Si giace , il Cristo, su un marmoreo letto ; et coperto est di Sudario, si' mirabilmente inciso et di tal qualita' trasparente, che invero a creder sia di Pietra si fatica ; et tornano allora a mente le antiche Croniche, che il Sammartino autor della sola statua contano, ma il Prence autor del velo, da Egli marmorizzato con alchemici mezzi.

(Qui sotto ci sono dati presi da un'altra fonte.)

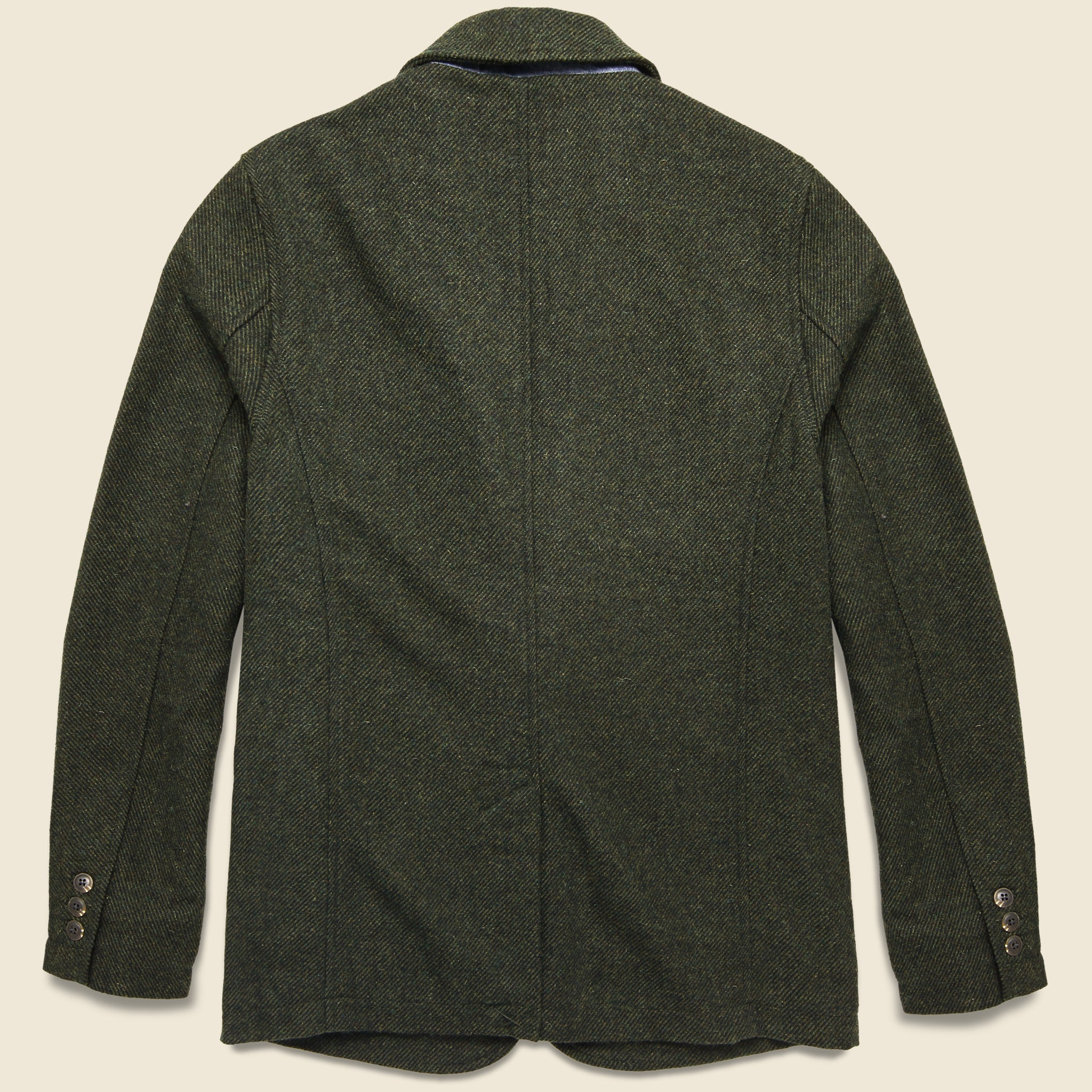 Hutton Wool Sport Coat - Loden - Grayers - STAG Provisions - Suiting - Sport Coat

Et fatto sta ancora che non e' solo, il Cristo, ad esser di velo di Pietra ricoperto ; ma anche altre due mirabili Statue, che ammirar si puote a' lati dell' Abside, a grandezza d' homo, di marmoreo tessuto ricoperte stanno: la velata Pudicizia alla mancina, mentre alla dritta con una Rete lotta il Disinganno.

Eppur si sa che Sammartino niuna mano mise a dette Statue, che lustrano invece la fama del Corradini et del Queirolo.

Et ancora si discute se questi, et in particolare Sammartino, a spirar riuscissero nel proprio letto, confortati da' Sacramenti; che alcuni dicono viver lo scultore per lunghi anni poscia ; ma altri il vuole finir pugnalato,et cavati l' occhi, dal Prencipe geloso che il Suo Segreto potesse svelare.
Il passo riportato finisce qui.